The club have lost their collective hunger.
Winning 10 league titles in a row does that.
I am not sure this is the problem. I think Agnelli is just as hungry for success as ever. The guy has a humungous ego. There's simply no way he wants his name associated with failure.
However, Juventus has lost the sense of direction it had a few years ago. I struggle to think of many good decisions the leadership of the club has made in the past few seasons. Initially, it was all blamed on Beppe Marotta. However, Marotta went to Inter and enjoyed success. While Juve continued to make uncharacteristically bad calls.
Juve's strategy for rebuilding the squad that got it to the 2017 Champions League final has been a failure. Juve has recruited lesser players than the ones that have retired or left. It has veered between coaches with wildly differing approaches without any real regard to the makeup of the squad. It has pretty much relied on Ronaldo's star power and goals and now it has lost those too.
Juventus will, at some stage this season, find form. However, I think Juventus' drop off is not entirely unexpected. At one stage last season Juve looked like it wouldn't make the top 4. Ronaldo dragged them to it. Now he's gone, what's the plan?
Could someone who actually watches Serie A speak about it. I mean the fact Juventus is doing poorly doesnt mean the whole league is ugly.

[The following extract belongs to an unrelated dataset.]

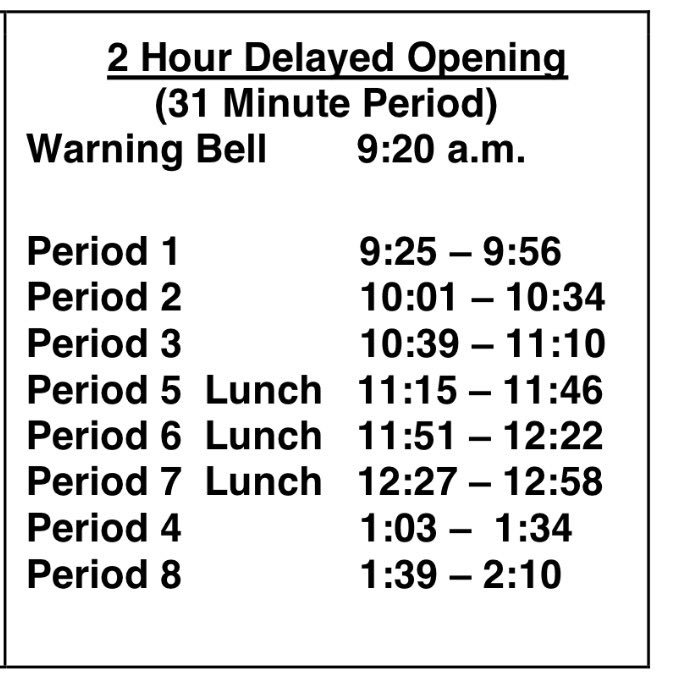 sachems_store's tweet photo. 2 Hour Delay today, January 24th. https://t.co/bculDjDwe9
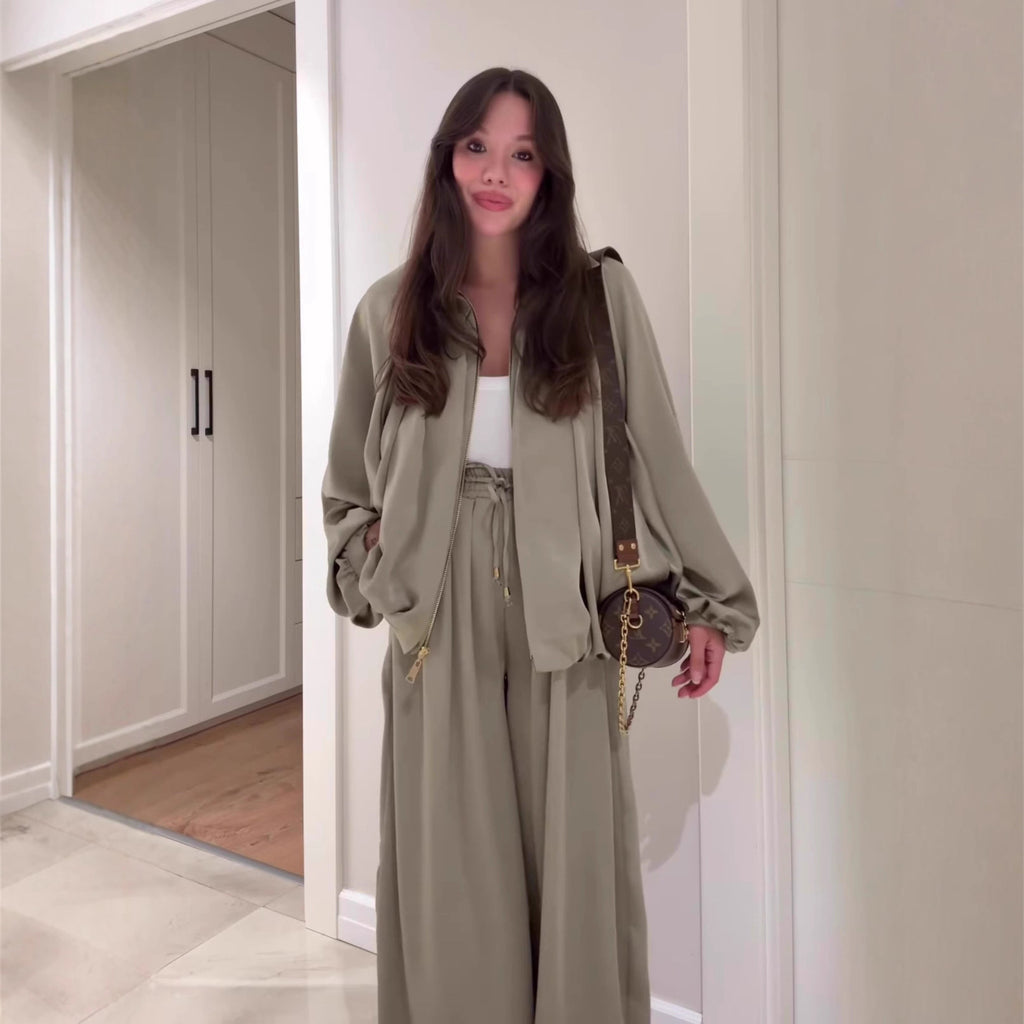 Maison Maryim Flip Collar Two-Piece Set — back view — two-piece set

As others have said, Italian football has massively changed in the past decade. The whole league is far from ugly. I think the turning point was the 2012 Euros. After the final Italian football became far more open, with greater emphasis on intensity and pressing. I think the Italians looked at the way the Spanish had got at Pirlo in the final and decided that's what football is about: energy, pressure, attack. Italian football now shows a lot of those traits and less of the stereotypes about tough defending.
It makes for interesting watching because Italian teams tend to now go for/towards the ball, which leaves lots of space in behind.